MATERIAL SUPPLIED:
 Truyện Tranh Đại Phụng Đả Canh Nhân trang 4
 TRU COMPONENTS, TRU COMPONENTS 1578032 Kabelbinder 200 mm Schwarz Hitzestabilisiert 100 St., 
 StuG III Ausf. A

==

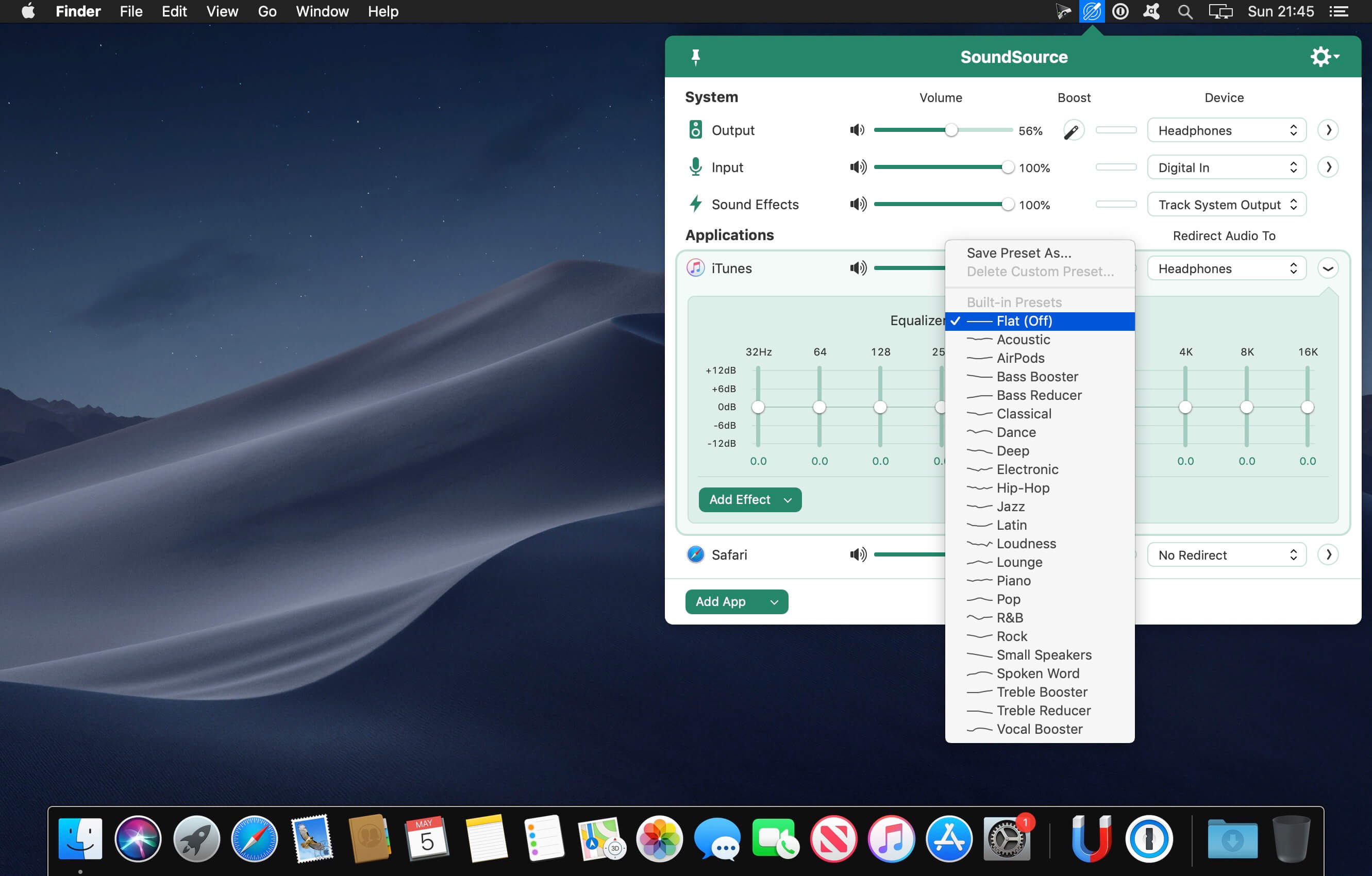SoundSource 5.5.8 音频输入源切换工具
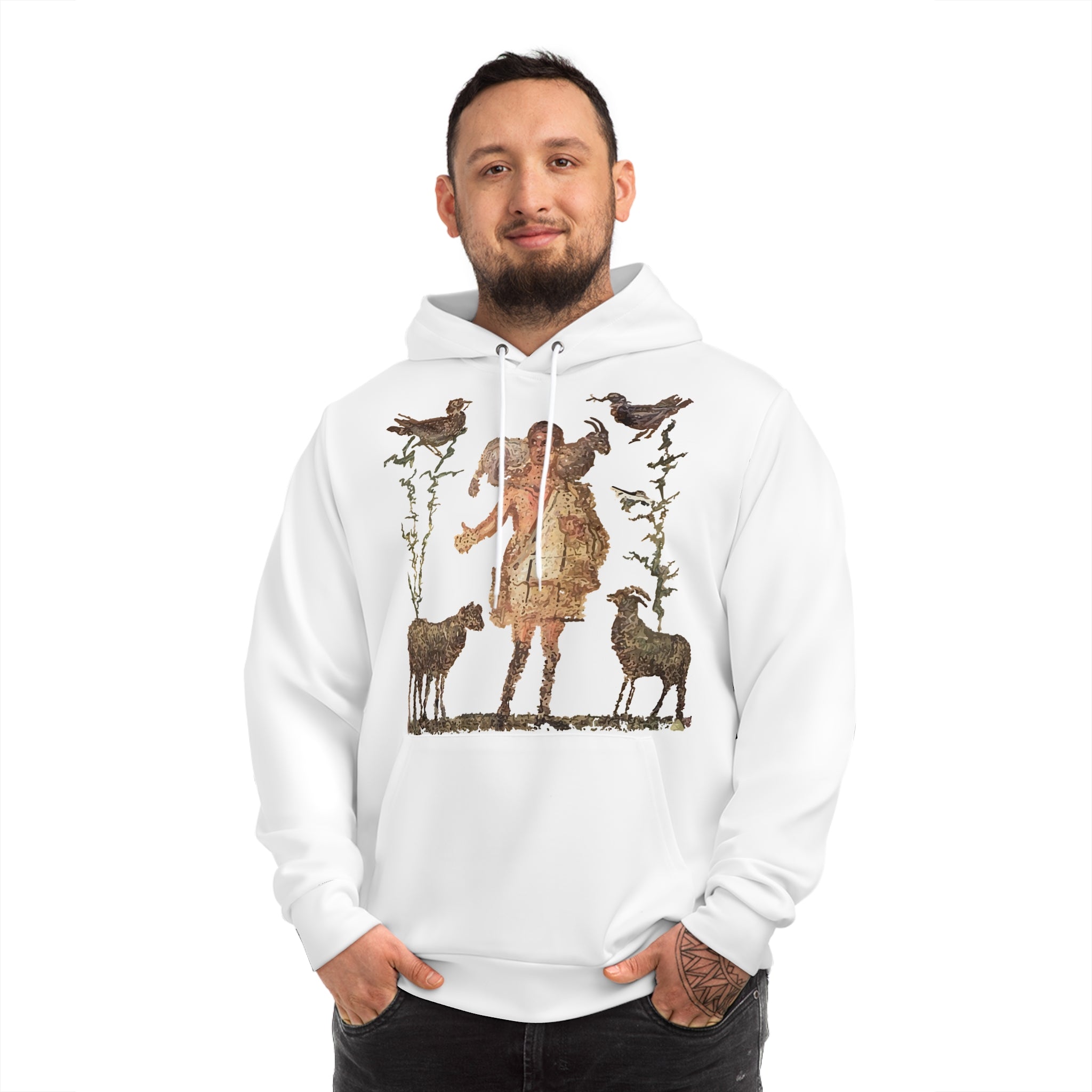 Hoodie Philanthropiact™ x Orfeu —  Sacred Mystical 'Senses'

BRIEF: Set down word for word the lines above from the one with "SoundSource 5.5.8 音频输入源切换工具" up to and including the one with "Hoodie Philanthropiact™ x". Omit every picture.

ANSWER TO THIS PROBLEM:
SoundSource 5.5.8 音频输入源切换工具
 Hoodie Philanthropiact™ x Orfeu —  Sacred Mystical 'Senses'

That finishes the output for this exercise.